3. It will provide a powerful incentive for the Congregations which have Missions in Africa to strengthen their ministry with a greater number of evangelisers by preparing elements for them to extend their operations little by little into the interior and assume new Missions there. Many of the advantages that are to be brought to the central areas will depend on the strength of the coastal Missions. Furthermore, other Orders will be able to assume Missions for Africa. As regards money it should be noted that funds are needed for the preparatory work in Europe, as well as for the operations to be carried out in Africa. A letter from Your Most Reverend Eminence will facilitate my raising funds for both these purposes.

[1353]
To build the preparatory work in Europe aimed at creating elements for the African missions, such as small seminaries and craft schools, etc., I have decided to try to found a Pious Association modelled on the rules of the Pious Work for the Propagation of the Faith, which I will start in the Venetian region. When it is well under way and approved by the Bishops I shall inform Your Most Reverend Eminence. In Catholic Germany alone there more than a hundred such Associations for different purposes. I hope to succeed in such a beneficial work, which will unite in the same spirit all the Institutions that work in Africa and have Seminaries and Colleges in Europe, and will establish a most useful confederation between them.
[1354]
As for the money needed for the work to be carried out in Africa, the existing Pious Associations for the Propagation of the Faith will provide the funds for their maintenance:
1. The Association of Cologne for the redemption and education of Africans is inspired by an eminently Catholic spirit and is completely devoid of any form of nationalist egoism which characterises several associations of this nature. The President of its Committee, the Most Reverend Fr Noecker, who is the founder of a great Institute approved by the late Cardinal Archbishop Geissel, is a man of great heart, sense and competence, who does everything to make this association accepted in the eyes of the German episcopate. It was the member Dr Stricker, well known for always having promoted religious associations, who as Secretary contributed the most to the establishment of this illustrious Association which, in adopting the Plan for the Regeneration of Africa, assigned to me the fruit of nearly all their offerings, with the firm promise to increase the contribution each year according to their resources and the results of the work undertaken. This Association is small as yet, but as progress in the work for Africa increases it will become stronger in Catholic Germany, and will grow gigantically above all when it sees that Your Most Reverend Eminence encourages the Plan to which it has granted its protection: (Letter from the Cologne Association, Venice 1865, p. 12).

[1355]
2. Mr Berard de Glajeux, President of the Council of Paris in plenary session and in the presence of Mgr Massaia, ordered me to assure Your Most Reverend Eminence that the Association for the Propagation of the Faith will give special assistance to the missions, Institutes and Colleges in Central Africa as soon as the personnel of evangelisers is ready and the site in Africa for the mission, Institute or college is determined.
3. The Association for the Schools of the East and the Holy Childhood, based in Paris, and the Society of the Immaculate Conception located in Vienna, have promised me assistance for the Institutes that are to be founded in Africa.
4. I am confident we shall see the growth of the little Association for the Redemption of Slaves, which a parish priest from Amiens is now in the process of founding in Spain.

[1356]
Finally, the longed-for letter from Your Eminence will help to gain the exclusive support for the regeneration of Africa from the Redemption Association.
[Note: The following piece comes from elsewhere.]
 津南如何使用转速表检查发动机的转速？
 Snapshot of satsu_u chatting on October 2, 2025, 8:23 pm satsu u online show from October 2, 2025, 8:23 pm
In order to rally this holy association to my cause, I have been dealing with the Very Reverend Fr Biagio Verri, the successor of Fr Olivieri, and last May he answered me from Marseilles that he would study a way for us to help each other when the small Institutes for African girls in Egypt have been set up […] [“in Egypt” is written over a word suggesting a future tense and followed by “clear the direction which…”]. This is why I have sent to His Eminence the Cardinal Vicar of His Holiness in Rome, whom this Association of Fr Olivieri’s regards as its protector, this Promemoria which I hasten to communicate to Your Most Reverend Eminence so that you may be persuaded of the benefits to be had from the Association for Africa, as long as it modifies its old programme of transporting redeemed slave-girls to Europe and agrees to help our undertaking to form new Institutes in Africa.
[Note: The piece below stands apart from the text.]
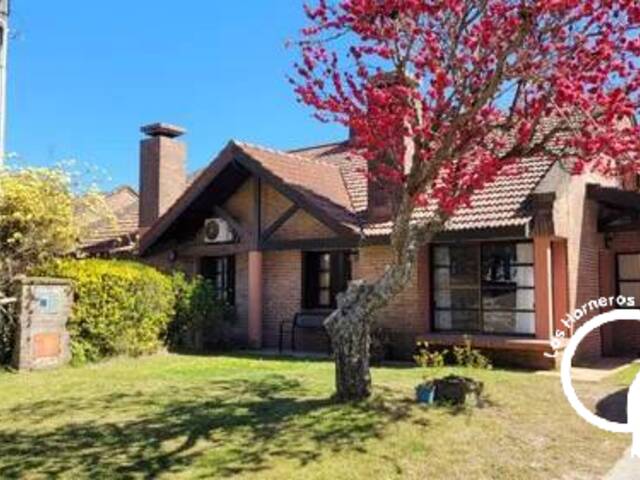 #55 - Casa para Venta en Ciudad de la Costa - UY-CA - 1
Promemoria sent to His Eminence Cardinal Patrizi, Vicar of Rome


[1357]
The stupendously charitable Association of the late Fr Olivieri has the objective of redeeming African children of both sexes from the grip of barbarity and to place them in secure asylum o save their souls. Until now this has been done by buying African boys and girls in Egypt and transporting them to Europe where they were distributed to various monasteries and schools in Italy, France and Germany. The enormous good done in this way has remained limited to the individual thus redeemed and has not spread to the African race. To do this great sums of money were allocated and immense efforts were made, both by the founder, the promoters of the association and the Institutes which took them in. Due to the Paris treaty of 1856, which prohibits slavery, and through the absolute will of the Viceroy of Egypt and the representatives of the European powers, who have forbidden the exportation of Africans, the Association, structured as it is, can only operate clandestinely, that is by buying African girls, keeping them for some time in an Institute in Egypt and taking them in secret, two or three at a time, accompanied by Sisters, via the tortuous route of Syria to Europe.
[1358]
Should the director of the Fr Olivieri Association, instead of taking the redeemed African girls to Europe, resolve to buy them in Egypt and then entrust them to the male or female Institutes which now exist and are being founded in Cairo and Upper Egypt to form elements for the conversion of Central Africa, this Association would have the following advantages:
1. Each African girl brought to Europe at present costs the Fr Olivieri Association about 400 scudi, because it costs 100 scudi to buy her, about 130 to keep her in Egypt until the right time comes to take her to Europe and about 170 scudi to be brought by the Sisters to Europe via Syria. If instead, the redeemed girl, as soon as she was bought, were entrusted to the Institutes in Egypt it would only cost the Association 100 scudi, because the Institutes would take care of all the rest; thus, with the 400 scudi an African girl costs, four could be redeemed and four souls would be saved instead of only one. It is purely mathematical.

[1359]
2. If only Fr Olivieri’s Association did not limit itself to saving the redeemed individual, it could turn these into the very instruments of salvation for many more souls, and it would be of enormous benefit to the Missions in Central Africa. Since experience has shown that the Missionary cannot live in the African tribes and the African has the same difficulty in living in Europe, a plan is at present being implemented to set up male and female Institutes in Egypt, to which African boys and girls are brought, so that they may be educated in the faith and the crafts in order to create as many elements for the African Missions. Fr Olivieri’s Association is useful and necessary for the conversion of Central Africa.
[1360]
3. For Fr Olivieri’s Association to bring African girls to Europe it has to do it illegally and is thus threatened every instant with extinction. Should it come to the rescue of the African Institutes, its work could proceed openly in Egypt, it would develop marvellously and its future would be assured.
[1361]
4. Because it takes Africans to Europe, the Fr Olivieri Association does not have the approval of the Bishops and the faithful who are happier with my modifications. During my travels throughout Europe, more than 40 people including Bishops, Archbishops and Cardinals, notably including the Most Eminent Cardinal de Angelis, assured me of this, as well as most of the benefactors, including the Cologne Association.
[1362]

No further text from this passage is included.